▶ _TASK STATEMENT_: Set down, word for word, each line from the top of the data through the line that has "Voyage en Islande"; omit every picture.

Short descriptive text snippets:
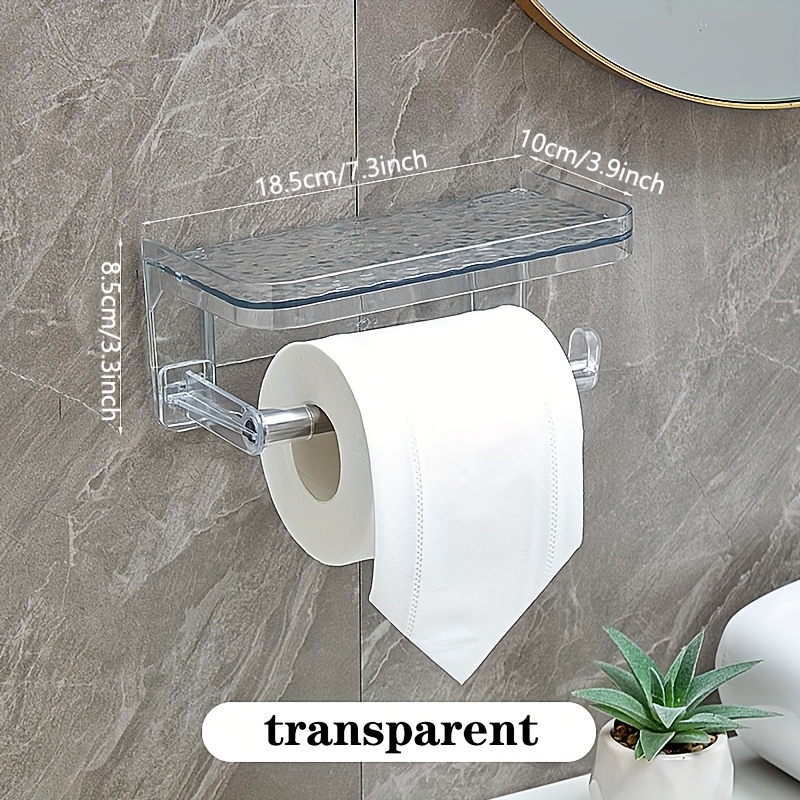 Image of Paper Towel Storage Rack, Light Luxury Roll Paper Rack, To Punch Holes, Direct Paste, Suitable For Kitchen, Toilet, Hotel Toilet, Operated With 1 Hand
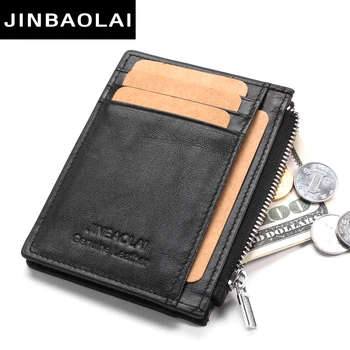 

JINBAOLAI Mini Men Wallets Genuine Cow Leather Short Design Zipper Card Holder Male Purse Brand Causal High Quality Male Wallet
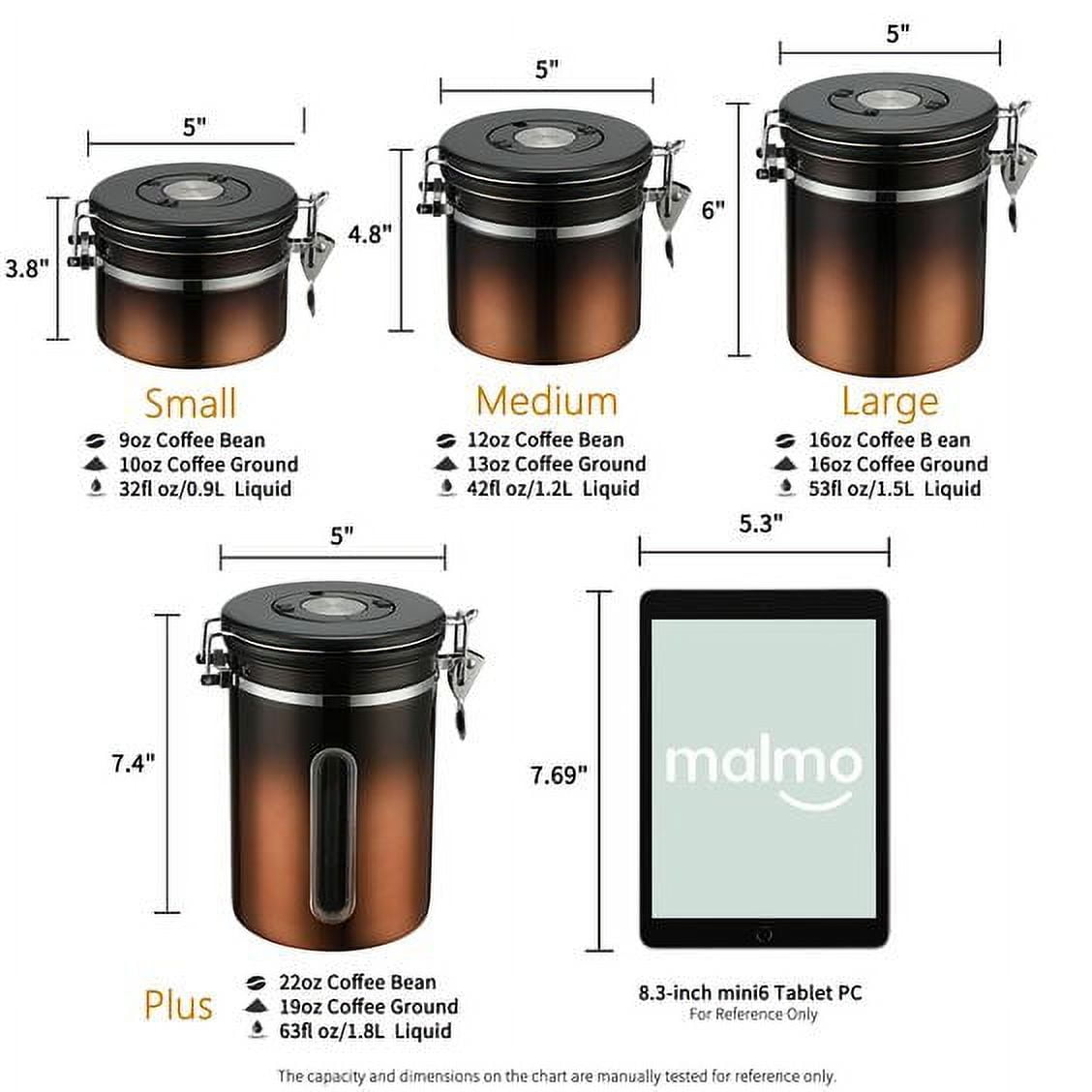 Storage Malmo Lid, Gradient Coffee Date Tracker 12oz, Container for Canister Stainless Kitchen Steel Canister,Airtight Coffee Gradient with Copper Food
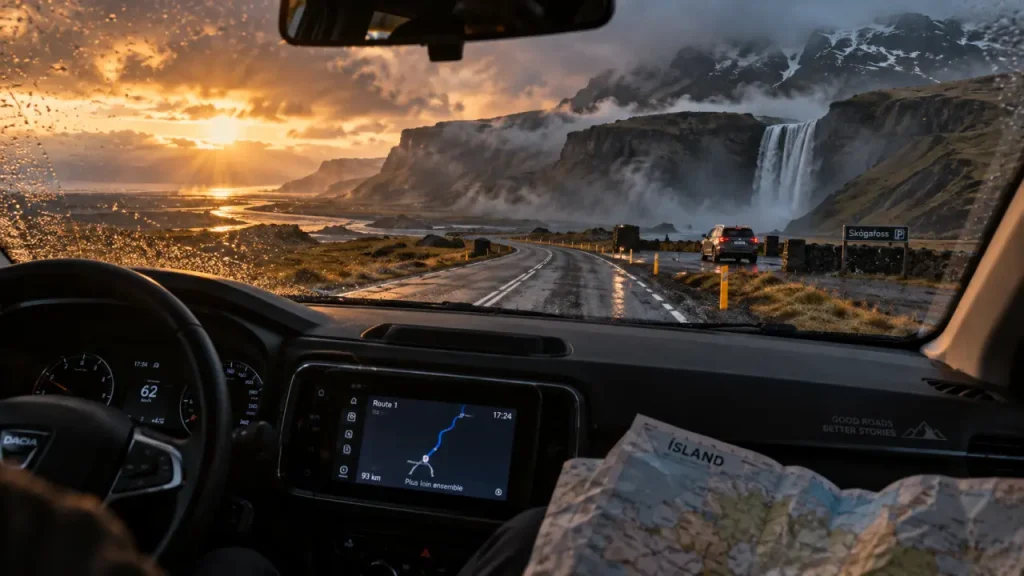 Voyage en Islande en juillet : route 1 humide et cascade depuis une voiture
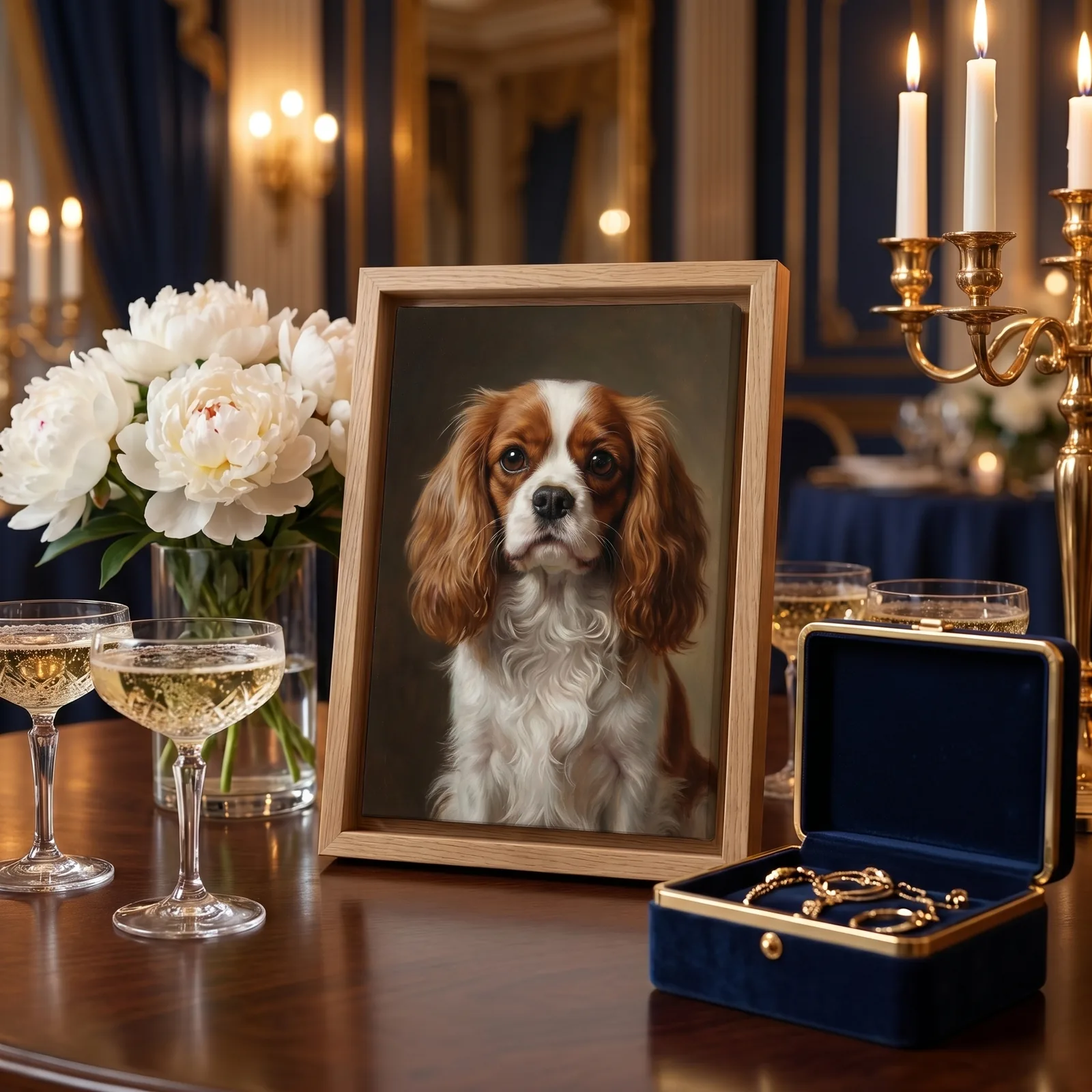Kleines gerahmtes Hundeportrait im schlanken Echtholz-Rahmen zwischen Champagnergläsern, weißen Pfingstrosen und einer Samt-Schmuckschatulle auf einem dunklen Tisch bei Kerzenlicht.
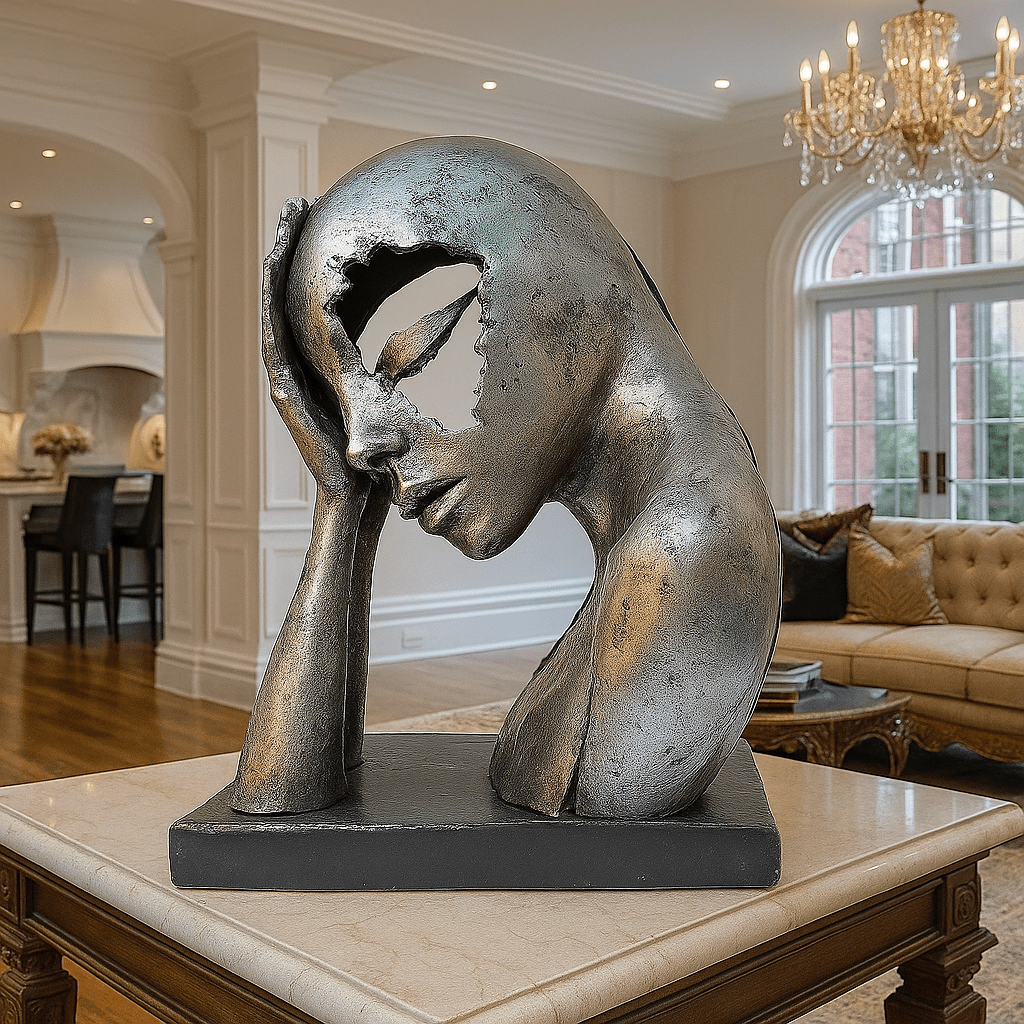 Sculpture Art : "Shattered Thoughts" modern abstract canvas wall art by Rossetti Art – luxury interior design artwork for living room, bedroom, office – abstract face sculpture bold artistic decor contemporary art piece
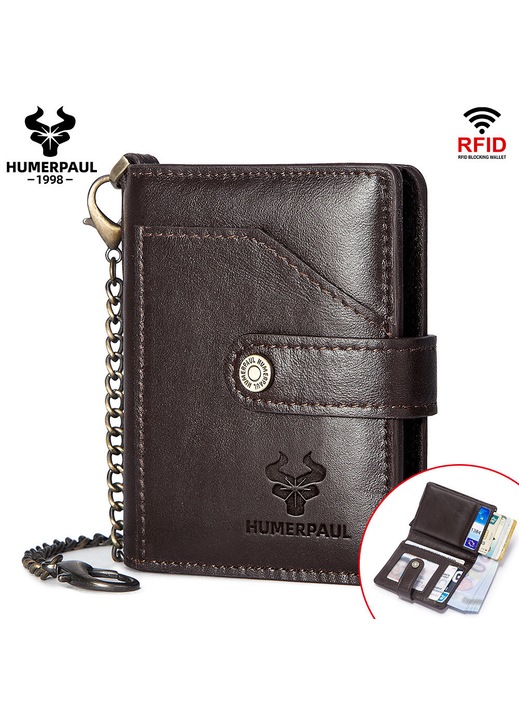 HUMERPAUL, Мъжки кожен портфейл, с RFID защита против кражба, с верижка за закачане на колана и защита против изгубване, Coffee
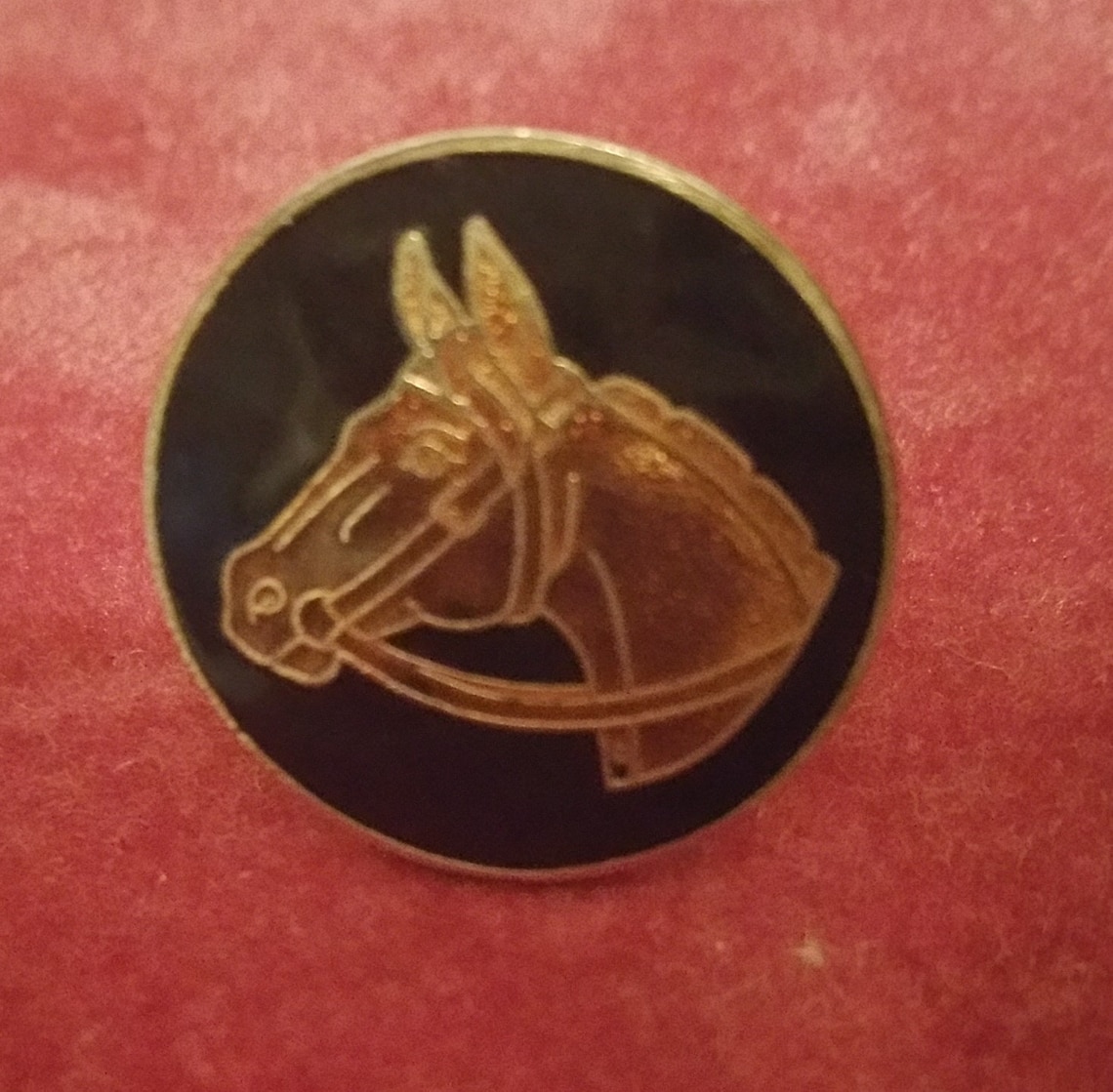 Pince à Cravate Vintage Années 1950 Tête De Cheval Et Fer à Cheval - Doré - Réf 91417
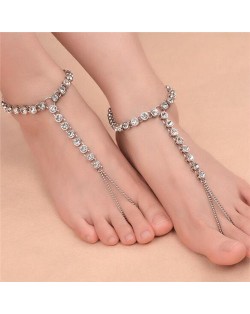 Rhinestone Embellished High Fashion Women Alloy Anklet - Silver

▶ _YOUR SOLUTION_:
 Image of Paper Towel Storage Rack, Light Luxury Roll Paper Rack, To Punch Holes, Direct Paste, Suitable For Kitchen, Toilet, Hotel Toilet, Operated With 1 Hand

JINBAOLAI Mini Men Wallets Genuine Cow Leather Short Design Zipper Card Holder Male Purse Brand Causal High Quality Male Wallet
 Storage Malmo Lid, Gradient Coffee Date Tracker 12oz, Container for Canister Stainless Kitchen Steel Canister,Airtight Coffee Gradient with Copper Food
 Voyage en Islande en juillet : route 1 humide et cascade depuis une voiture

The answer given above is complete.